Strong growth in the UAE economy and rising rents in neighbouring Dubai have boosted demand for residential and commercial property in Sharjah, according to a report by international real estate consultancy Cluttons. The report stated that average residential rental costs climbed by 4.5 per cent during the first quarter, leaving them 19 per cent higher than this time last year, further building on a 3.4 per cent increase in the last quarter of 2013.
“The strong growth in villa rates has been catalysed by rising demand for villa communities, particularly along the Sharjah Airport/Maliha Road corridor,” said Steve Morgan, Cluttons Middle East chief executive. “This is being fuelled by a rising population, which in turn is being driven by the emirate’s expanding aviation sector, a growing number of international schools and the proximity to Sharjah International Airport.”

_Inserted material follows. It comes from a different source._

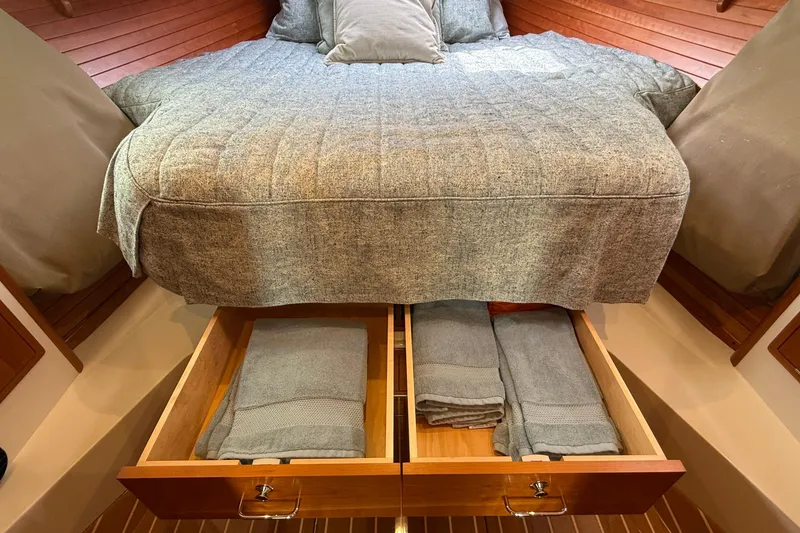 Slide: The Image of 2016 MJM 40z Downeast cabin with bed, storage drawers, and neatly folded linens. - 43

Sharjah International Airport has registered strong growth, with passenger traffic increasing by 8 percent during the first three months of this year compared with Q1 2013. Meanwhile, Sharjah’s economy continues to drive demand for property. The emirate awarded $2.4 billion of construction projects during 2013 and is expected to award up to AED 11 billion (US$3 billion) of projects by the end of 2014. S&P recently announced Sharjah’s first ever sovereign credit rating as ‘A/A-1′ with a Stable Outlook, underscoring the solid fundamentals of the emirate’s economy.
“Developers are also keen to capitalise on this strong demand and we are recording a substantial rise in the number of feasibility studies requested for master planned residential communities in this area,” said Morgan. “Not only does the Maliha Road corridor provide easy access into Dubai, but the mushrooming of these new lifestyle destinations will start to put Sharjah’s residential offerings on par with Dubai and Abu Dhabi, albeit on a smaller scale.”
Cluttons expects levels of real estate activity in both the residential and commercial markets across Sharjah emirate to continue to increase.